Binary search tree are organized:
BST node: key = k*
/ \
Tleft Tright
k≤k* k*≤k
Lets call k* the pivot. The text does not use this terminology, I have made it up for now. The pivot organizes the key below the node by keys less than or greater then the pivot value. For a binary tree each node has only one pivot because there are only two sub-trees.
Multi-way search trees have 2 or more children and store entries = (k, x), key and value pair.
v is a node of an ordered tree.
v is a d-node
if v has d children
The ordered tree, T, is a multi-way search tree iff
All internal nodes v are d-node with d ≥ 2
Each d-node v of T with children v1, v2, ... vd stores d-1 items (k1, x1), (k2, x2), ..., (kd-1, xd-1), where k1 ≤ k2 ≤...≤ kd-1. Note one less entry then children.
Let k0 = -inf and kd = inf then for each entry stored in the subtree of the d-node v rooted at vi, i=1,...,d; ki-1≤ k ≤ ki. Note this is just the generalization of the binary search tree ordering to multi-way trees. See below.
If we continue to call the keys stored at a node of a multi-way tree pivots, then the search tree can still be organized by the pivots:
d-Node: keys: k1 ≤ k2 ≤ k3 ≤... ≤ kd-1
/ | | \
T1 T2 ... Td-1 Td
k≤k1 k≤k2 k≤kd-1 kd-1≤k
We see that the number of sub-trees, children, of a node is one more then the degree of the node, the number of pivots, entries, of the node.
Again external nodes are place holders and can be programed away.
Proposition
A multi-way tree storing n entries
has n + 1 external nodes.
This is just like for binary trees.
At each internal node a multi-way search tree, T, with v at each internal node of T. The entries stored at an node may be contained in a:
List
Sequence
Tree
etc.
It is a good idea for the container ot be an ordered dictionary. The multi-way tree is a compound data type, divided into primary and secondary data structure. In this case a dictionary of dictionaries.

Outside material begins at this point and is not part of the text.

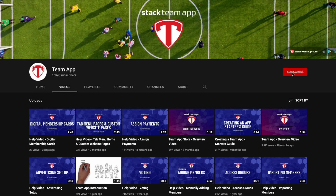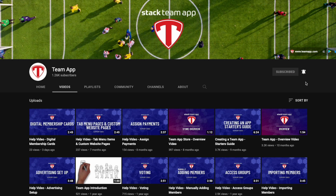Please make sure you give this video a thumbs up, subscribe to our YouTube channel, and hit the bell icon to turn on alerts so you get notified when we upload future videos.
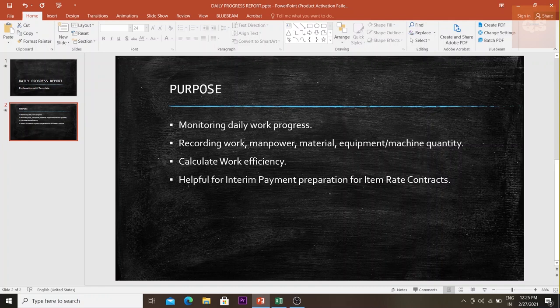The DPR can also be helpful for preparing interim payment applications, especially for item rate contracts. In a lump sum contract, interim payment applications are prepared based on a percentage each month. In an item rate contract, however, you have to provide proof and substantiation for each quantity being claimed in your interim payment application, as the BOQ quantity is already fixed and any increase goes into a variation.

We store at d-node v of T the items (k1, x1, v1), (k2, x2, v2), ... , (kd-1, xd-1, vd-1), (inf, null, vd). This gives us access to the children. Note that vi is a reference to the sub-tree root node.
Searching for key, k, in search tree T we process a d-node v.

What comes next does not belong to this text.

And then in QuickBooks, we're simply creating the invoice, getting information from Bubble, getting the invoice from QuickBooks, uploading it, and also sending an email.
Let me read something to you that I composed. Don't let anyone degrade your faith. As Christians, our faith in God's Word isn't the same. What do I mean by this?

We find the smallest key among the d keys stored at v such that ki ≥ k.
if k < ki then continue the search in the dictionary of vi.

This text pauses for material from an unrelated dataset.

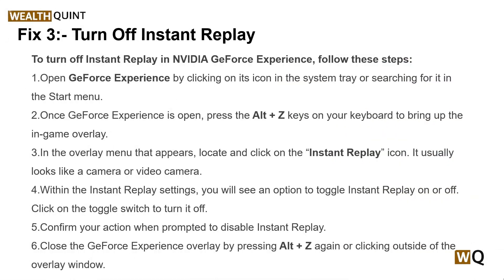Solution 3: Turn off Instant Replay. Turning off Instant Replay can also help resolve the issue. To turn off Instant Replay in NVIDIA GeForce, you can follow these steps. First, open GeForce Experience by clicking on its icon in the system tray or searching for it in the Start menu.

else k = ki then the search terminates.
The space requirement is O(n).
The time spent searching is dependent on the secondary structure. Say the primary structure, the multi-way tree, has height h. Say dmax is the maximum d-node size. If the secondary structure is ordered structure then the search through the secondary structure is O(lg dmax) and the total search is O(h lg dmax). If the secondary structure is unordered dictionary then the search through the secondary structure is O(dmax) and the total search is O(h dmax).